Oleh: Dhimam Abror DjuraidMasyarakat menderita penyakit daya ingat pendek, sehingga dosa-dosa politik Golkar di masa lalu terlupakan total. Golkar menjelma menjadi partai baru yang dengan cepat meloncat menjadi penumpang gerbong reformasi.
Partai Golkar punya jargon ‘’Suara Golkar Suara Rakyat’’, jadi suara Golkar identik dengan suara rakyat. Entah sengaja atau tidak, jargon ini mengadopsi ungkapan demokrasi yang kondang ‘’vox populi vox dei’’, yang artinya suara rakyat suara Tuhan.
Demokrasi adalah suara kedaulatan rakyat yang merupakan representasi dari Tuhan di bumi, karena itu suara rakyat adalah suara Tuhan.

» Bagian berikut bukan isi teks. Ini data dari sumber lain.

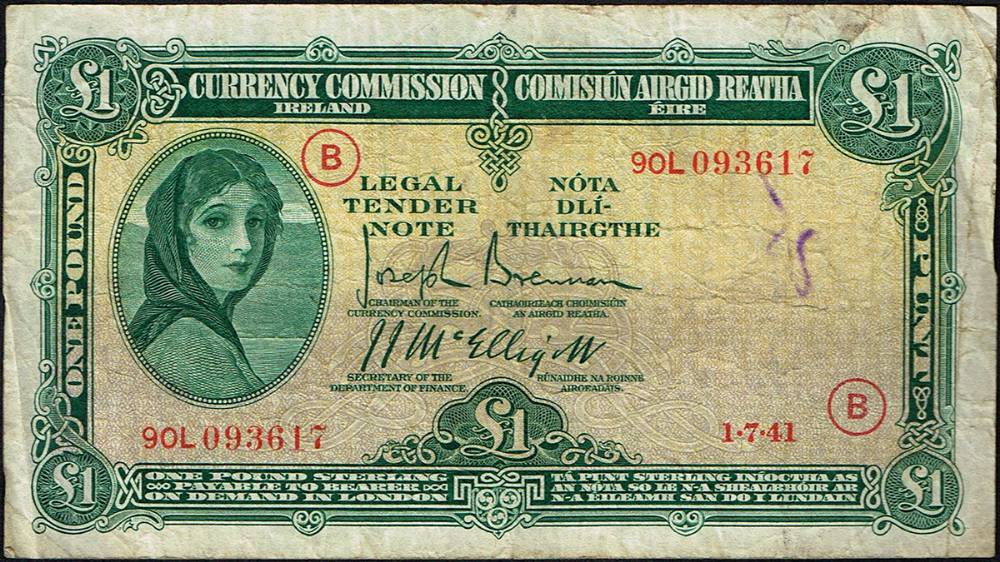 Central Bank 'Lady Lavery' One Pound collection, War Codes and 1945-1949. at Whyte's Auctions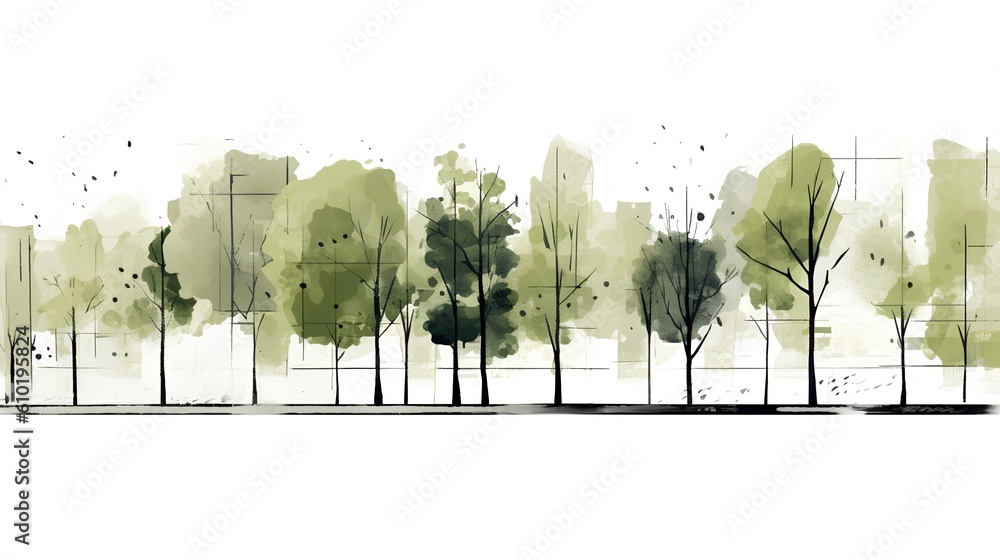 A concept of sustainable urban planning, featuring a green park zone project sketch. The importance 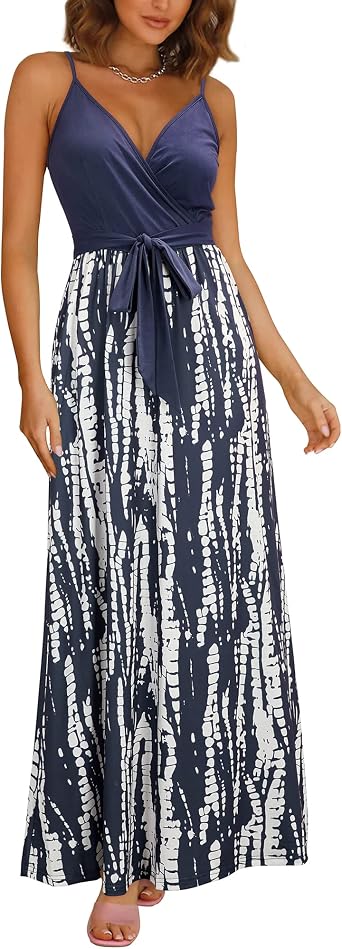 OUGES Womens Summer Maxi Dress V Neck Floral Adjustable Spaghetti Strap Beach Dresses with Pockets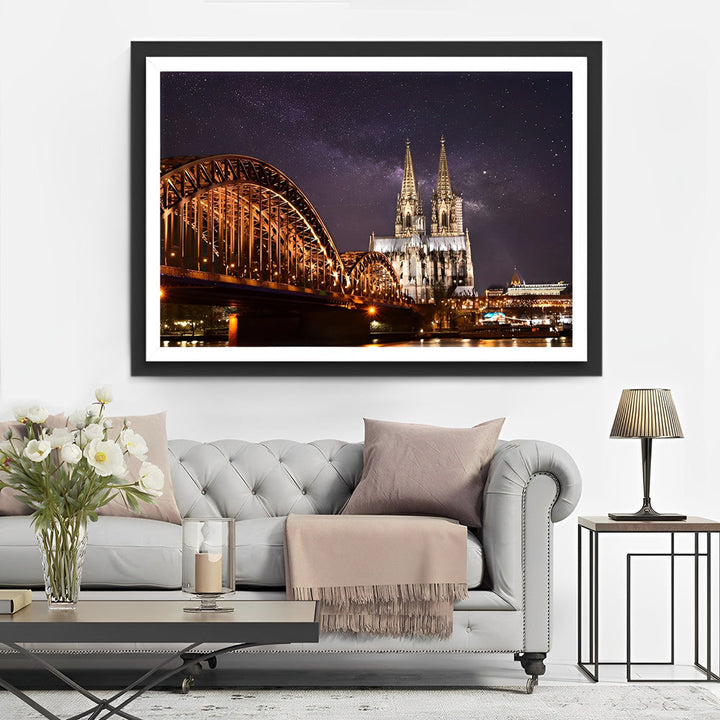 Verlichte Dom en Stalen Brug onder de Melkweg Diamond Painting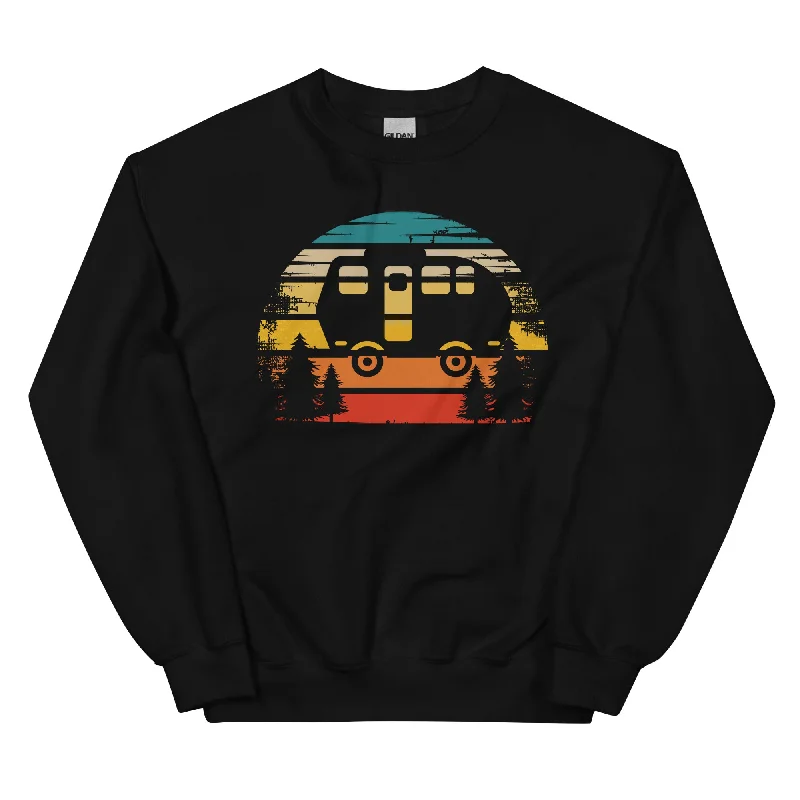 Retro Sonne und Camping - Sweatshirt (Unisex) Hoodie with Side Slits Relaxed Casual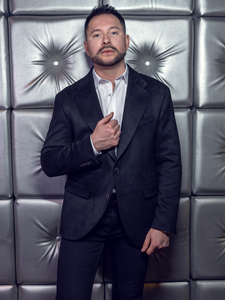 Férfi fekete bársony zakó Bolf 24410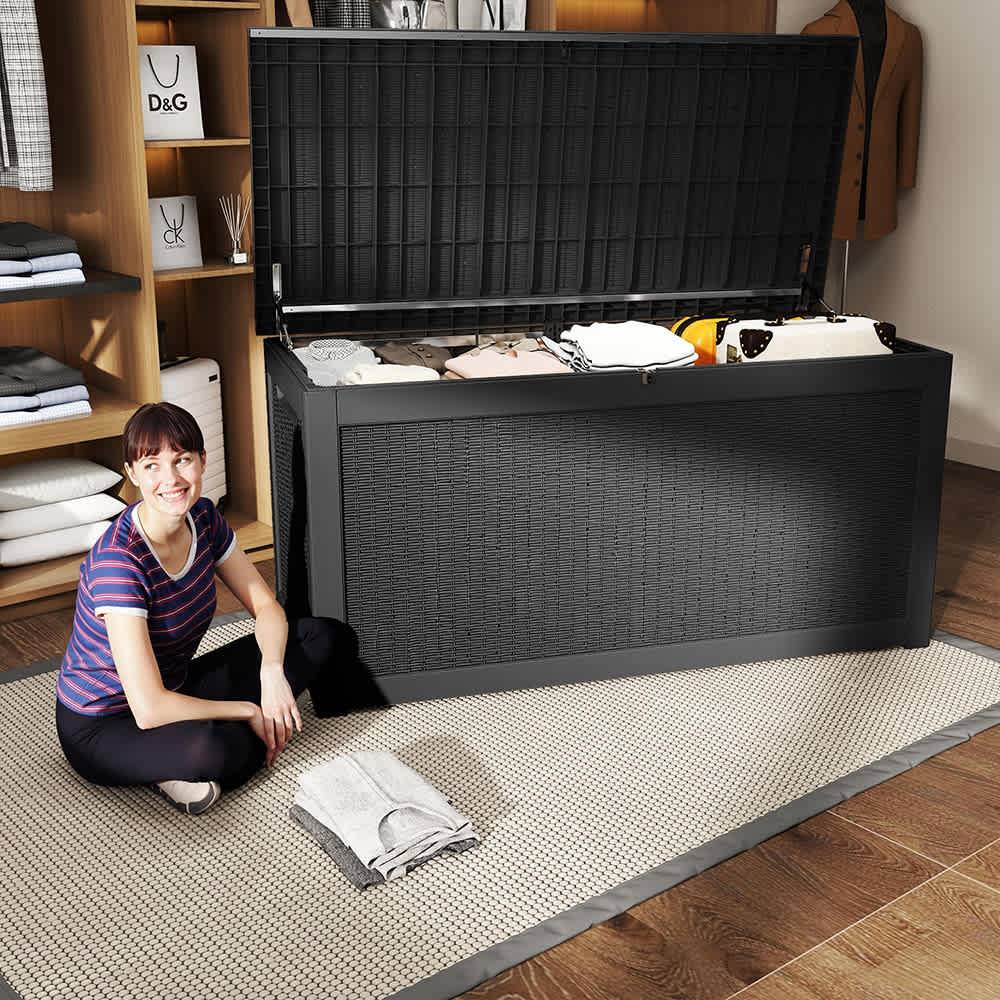 Large garden storage box Black Pattern 260 Gallon Large Storage Box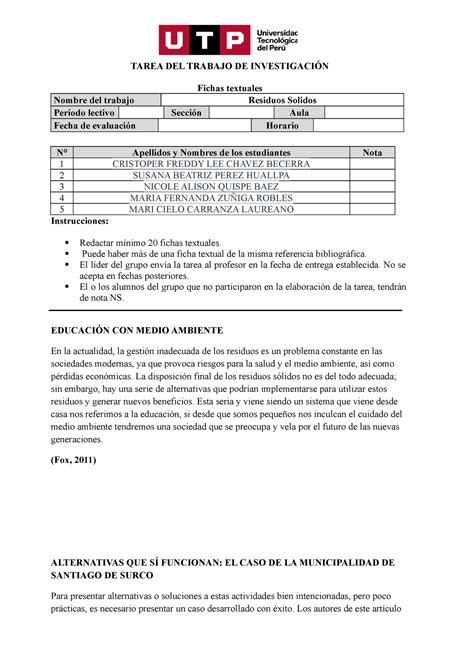 Formato De Entrega De Tarea De Fichas Textuales TAREA DEL TRABAJO DE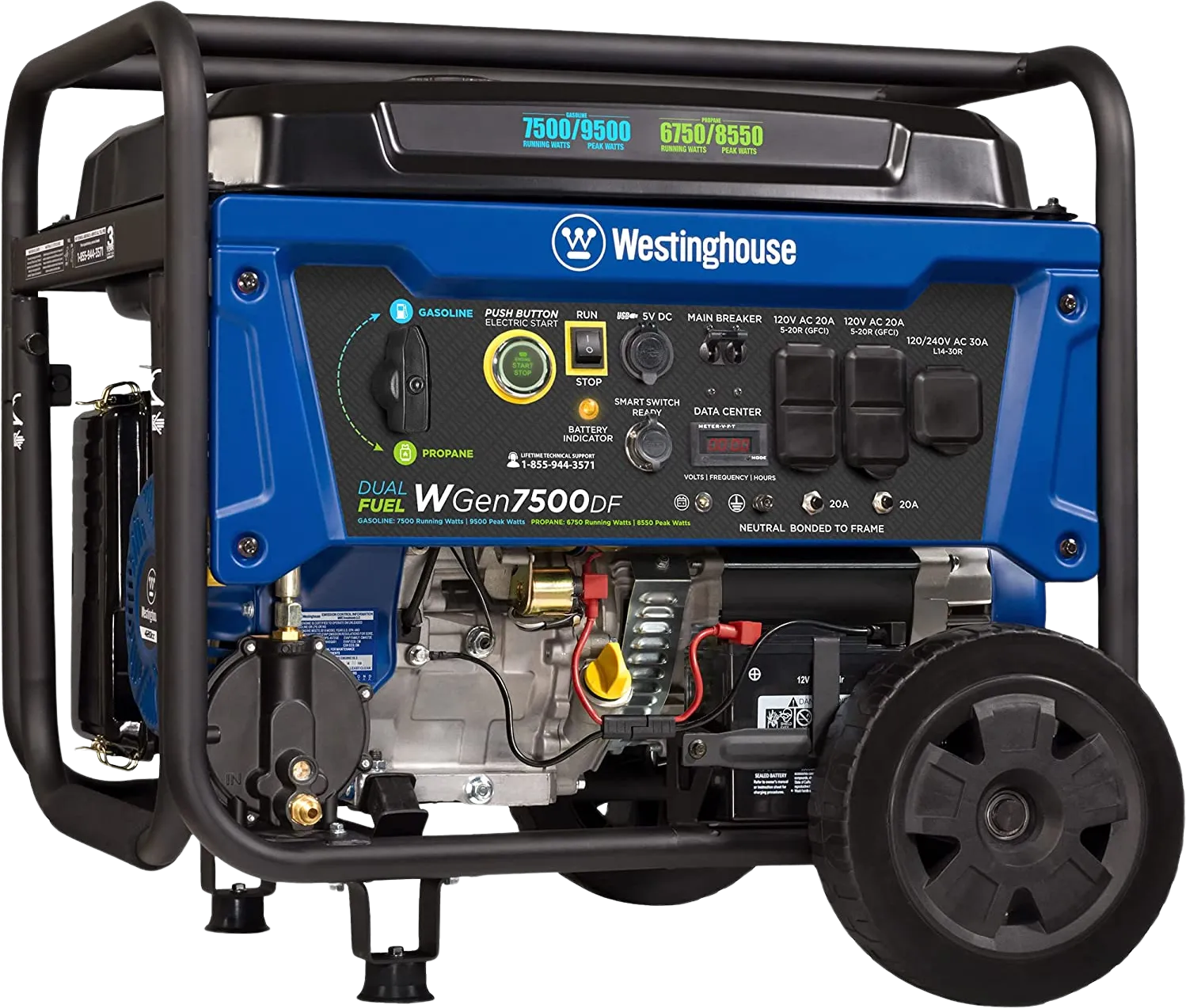 Westinghouse WGen7500DF Generator 7500W/9500W 30 Amp Remote Start Dual Fuel New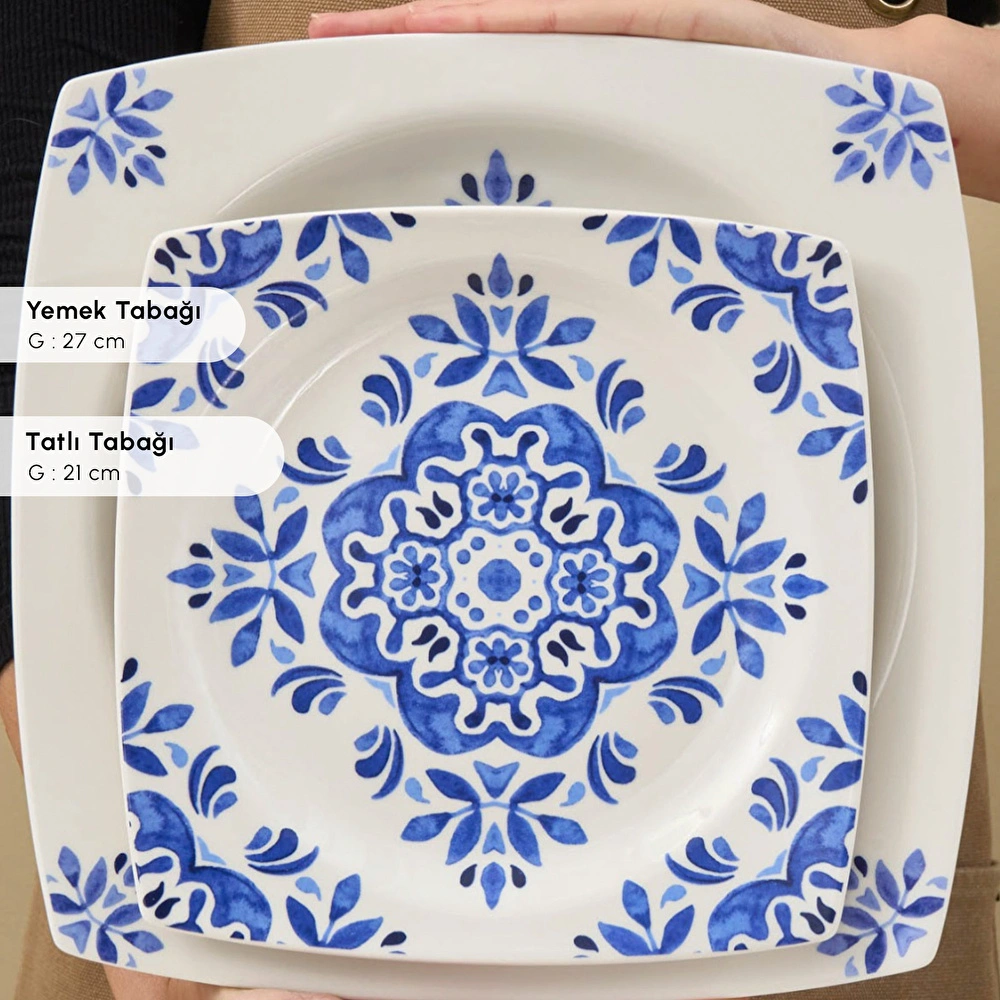 Karaca Square Bone Miranda 24 Parça 6 Kişilik Yemek Takımı görseli 7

Namun, jargon Golkar terbalik-balik. Suara Golkar adalah suara rakyat. Bukan suara rakyat suara Golkar. Rakyat yang harus ikut suara Golkar, bukan sebaliknya.
Karena itu ketika Ketua Partai Golkar Airlangga Hartarto menyuarakan gagasan penundaan pemilu selama dua tahun, dia mengeklaimnya sebagai suara para petani di Sumatra. Pernyataan Golkar ini kontan memicu reaksi negatif dari banyak kalangan.
Golkar, bersama PAN (Partai Amanat Nasional) dan PKB (Partai Kebangkitan Bangsa) dianggap telah mencoreng amanat reformasi.
Publik akan menilai seberapa kadar demokrasi dari ketiga partai itu, apakah masih 24 karat atau sudah merosot sampai sekarat alias satu karat. Para pundit politik menyerukan supaya rakyat menghukum tiga partai itu dalam pemilu dengan tidak memilih mereka, supaya mereka menjadi sekarat.
Suara orkestrasi itu disebut-sebut bersumber dari lingkaran dalam Joko Widodo di Istana. Lingkaran Istana sudah membantah hal itu, tetapi pernyataan politik Jokowi yang bersayap membuat kecurigaan itu makin kuat.